> _Provided information_:

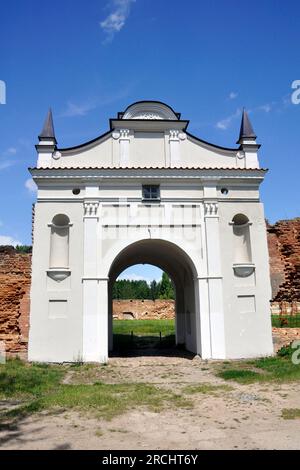 Restauriertes Eingangstor und Überreste der Mauern des Karthuserklosters von 1648-1666 in der Stadt Bereza, Belarus. Stockfoto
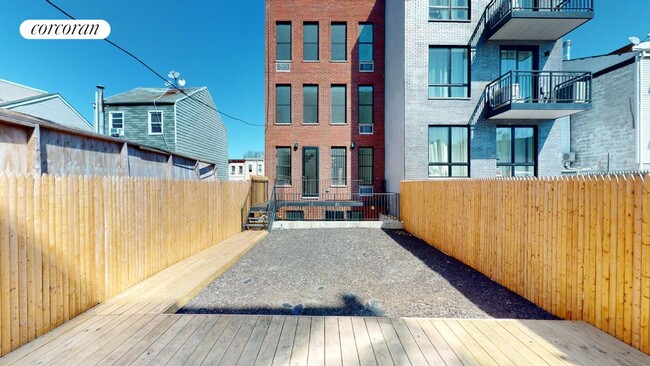 Building Photo - 346 43rd St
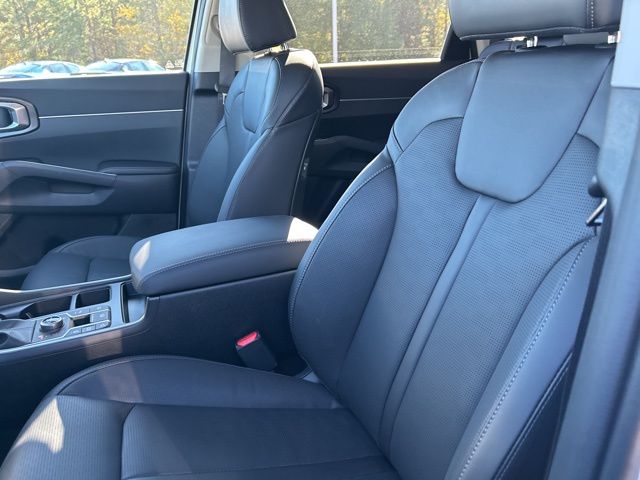 2026 Kia Sorento S - Photo 38
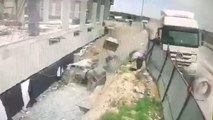 Arnavutköy'de hafriyat kamyonu inşaat işçilerinin arasına daldı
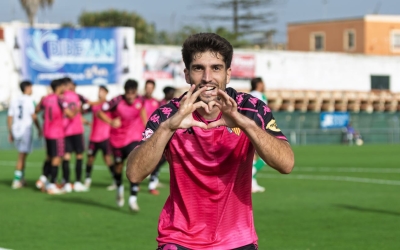 El màxim golejador celebrant un dels seus nou gols | CES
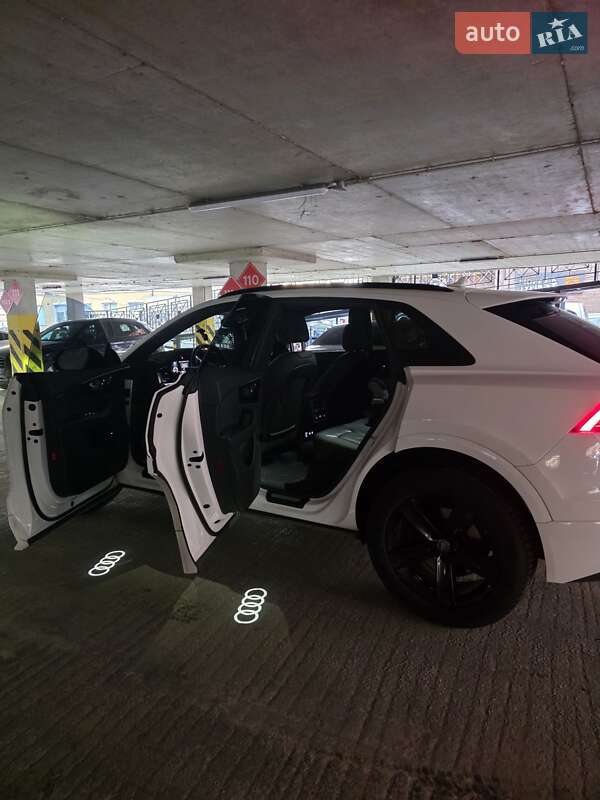 Внедорожник / Кроссовер Audi Q8 2018 в Луцке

> _Instructions to follow_:
Your copy should match the data exactly, apart from the images, which are dropped.

> _Answer to the exercise_:
 Restauriertes Eingangstor und Überreste der Mauern des Karthuserklosters von 1648-1666 in der Stadt Bereza, Belarus. Stockfoto
 Building Photo - 346 43rd St
 2026 Kia Sorento S - Photo 38
 Arnavutköy'de hafriyat kamyonu inşaat işçilerinin arasına daldı
 El màxim golejador celebrant un dels seus nou gols | CES
 Внедорожник / Кроссовер Audi Q8 2018 в Луцке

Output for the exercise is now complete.